A abolição não foi fruto de um processo de conscientização
e muito menos aconteceu de uma hora para outra. Foi longa e conquistada com
muita luta daqueles que se importavam com o próximo e contra aqueles que
enriqueceram sob o sofrimento da tortura do semelhante. A abolição se deu quando grande parte da população negra
não se mantinha mais nos cativeiros, por força da luta e resistência dos
movimentos negros nos quilombos, nas irmandades e nas rebeliões, como a Revolta
dos Malês em Pernambuco, bem como em razão das pressões internacionais, tendo
sido o Brasil o último país da América a fazê-lo.
Durante esse processo, dois heróis têm especial espaço na
história: Zumbi dos Palmares e Manuel Congo. Manuel Congo é nosso; ele liderou
uma revolta de mais de 400 homens e mulheres escravizados. Manuel Congo vem da
Fazenda Maravilha e da Fazenda Freguesia, que pertenciam a Manuel Francisco Xavier, e eram as maiores, mais poderosas e ricas fazendas do Vale do Café.
Hoje, se dissolveram e é onde está a Aldeia de Arcozelo, que na década de 80 foi do teatrólogo e embaixador Pascoal Carlos Magno. Hoje pertencente a Funarte.
Ali, há 200 anos, nasceu Paty do Alferes, que pertencia a
Vassouras, mas era maior e mais poderosa que a sede do município. Nessa época,
essa região (Paty, Miguel Pereira e Vassouras) tinha quatro vezes mais homens
escravizados do que homens livres.
A tensão era constante; o tronco nunca foi tão utilizado,
pés e mãos metidos em dois buracos num toco de pau. Dedos cortados, cicatrizes
pelos corpos, dentes arrancados, unhas arrancadas, sinais de correntes pelos
punhos e coisas piores.
Aqui, numericamente, os homens escravizados eram
infinitamente superiores. Nessa realidade, Manuel liderou centenas de negros,
irmãos escravizados, para o quilombo. À noite, desceram com enormes tochas de
fogo, o machado dilacerou a porta de jacarandá da sede da Fazenda Maravilha,
depois foram as janelas, vidros. Os pratos e roupas são jogados pelas janelas.

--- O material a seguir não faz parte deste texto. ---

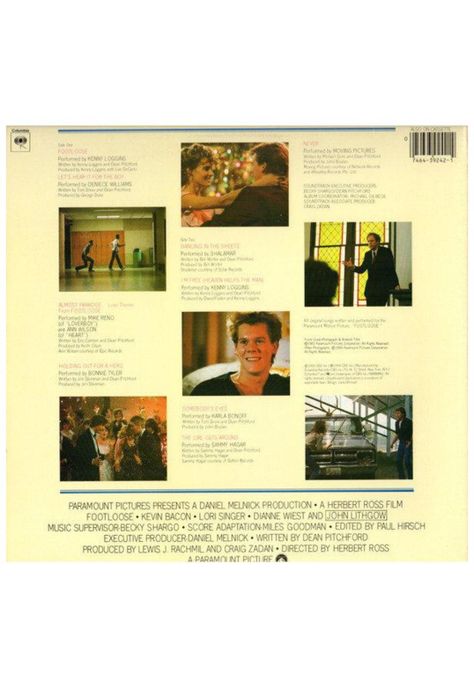 FOOTLOOSE - O.S.T. (LAVENDER COLORED VINYL) | VINILO-1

O fogo foi colocado primeiro no sofá da sala de visitas, onde havia almofadas
bordadas a ouro, depois foi subindo, subindo até virar uma labareda só. Do lado
de fora, os negros livres (pelo menos naquele momento) dançavam, cantavam e
bebiam no terreiro em volta da fogueira; trouxeram atabaques para dançar,
cantar e fazer amor. O engenho foi destruído a base de machado, pau e unha,
tamanha era a revolta.
Em seguida, seguiram
mata adentro até o quilombo onde estava a Gruta de Manuel Congo em Vera Cruz (Miguel Pereira) na divisa com Paty do Alferes. A Gruta
fica na vertente de Miguel Pereira, mas naquela época era tudo Vassouras.
Os fazendeiros, liderados por Manuel Francisco Xavier,
exigiram do Imperador Dom Pedro II a Guarda Nacional. Dom Pedro II hesitou muito
em mandar, mas enviou a Guarda Nacional comandada por quem mais tarde se
tornaria Duque de Caxias. Ele nunca se envergonhou de ser assassino de
escravos, chefiar a tropa e dar combate aos negros. Na verdade, quando Caxias chegou, os fazendeiros já tinham montado sua patrulha e grande parte já tinha sido presos ou mortos.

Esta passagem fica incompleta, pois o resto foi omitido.